(Image-caption web data)
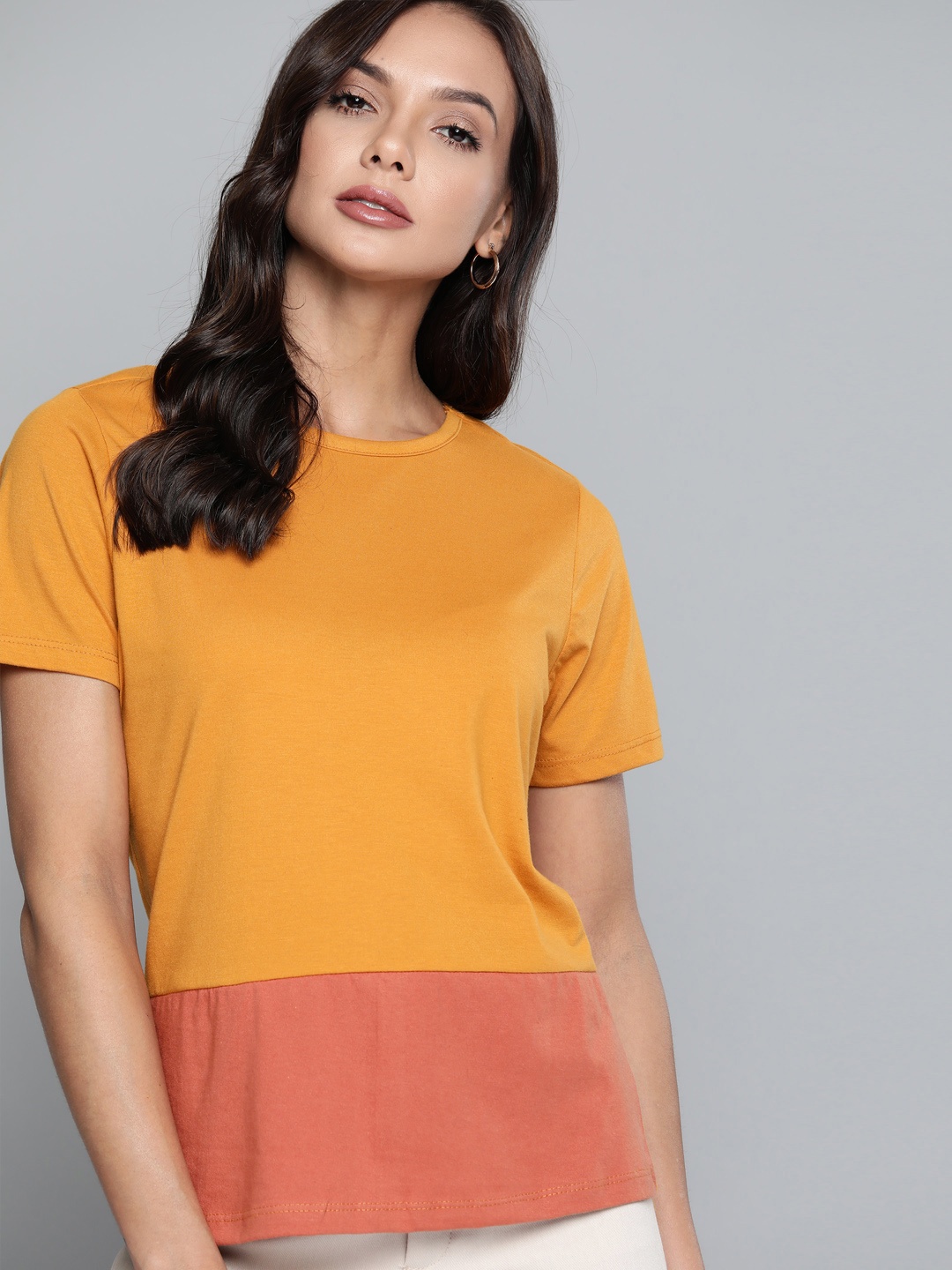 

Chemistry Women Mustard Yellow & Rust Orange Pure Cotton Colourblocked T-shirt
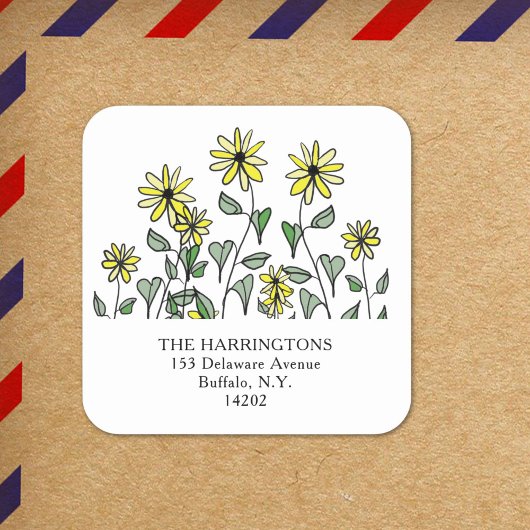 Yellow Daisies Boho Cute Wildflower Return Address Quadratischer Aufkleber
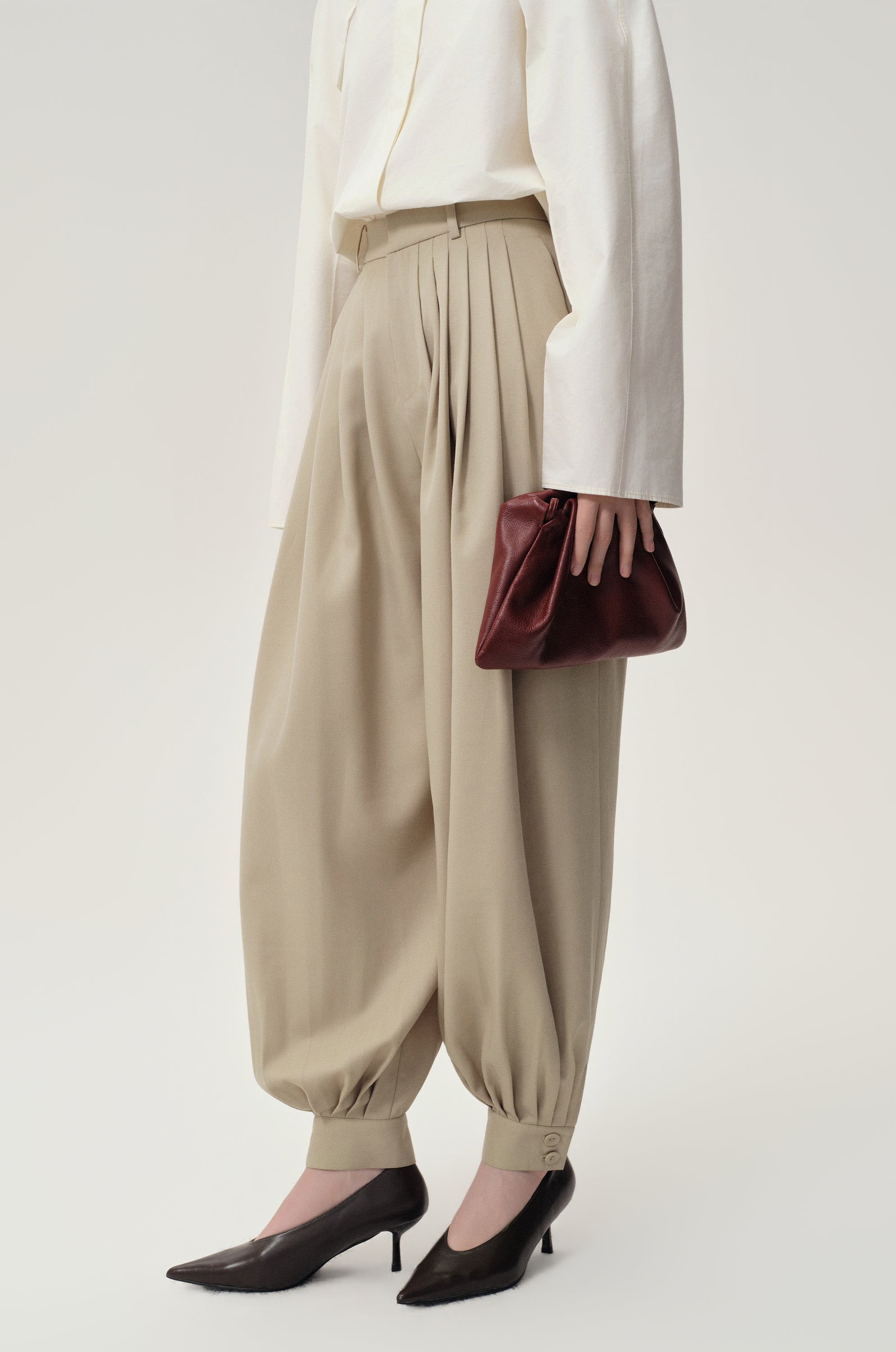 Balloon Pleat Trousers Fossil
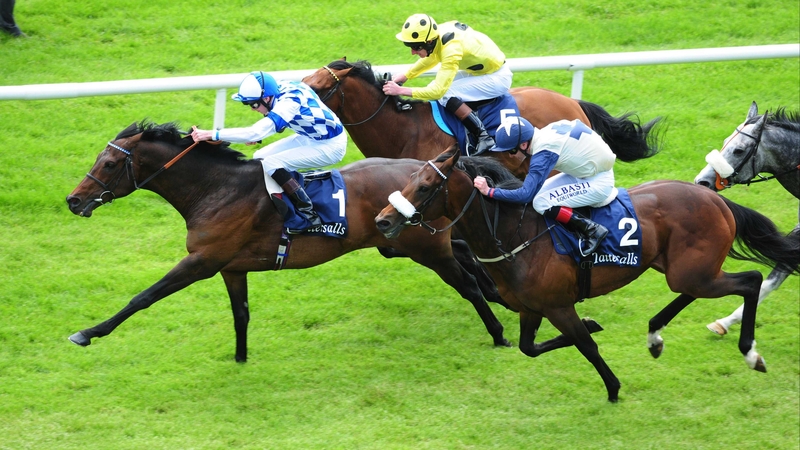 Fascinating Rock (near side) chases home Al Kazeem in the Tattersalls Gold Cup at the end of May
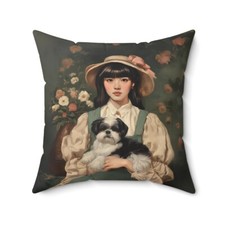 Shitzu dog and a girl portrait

Exercise → Give the data again exactly. Keep the images out.

Answer for the task →
Chemistry Women Mustard Yellow & Rust Orange Pure Cotton Colourblocked T-shirt
 Yellow Daisies Boho Cute Wildflower Return Address Quadratischer Aufkleber
 Balloon Pleat Trousers Fossil
 Fascinating Rock (near side) chases home Al Kazeem in the Tattersalls Gold Cup at the end of May
 Shitzu dog and a girl portrait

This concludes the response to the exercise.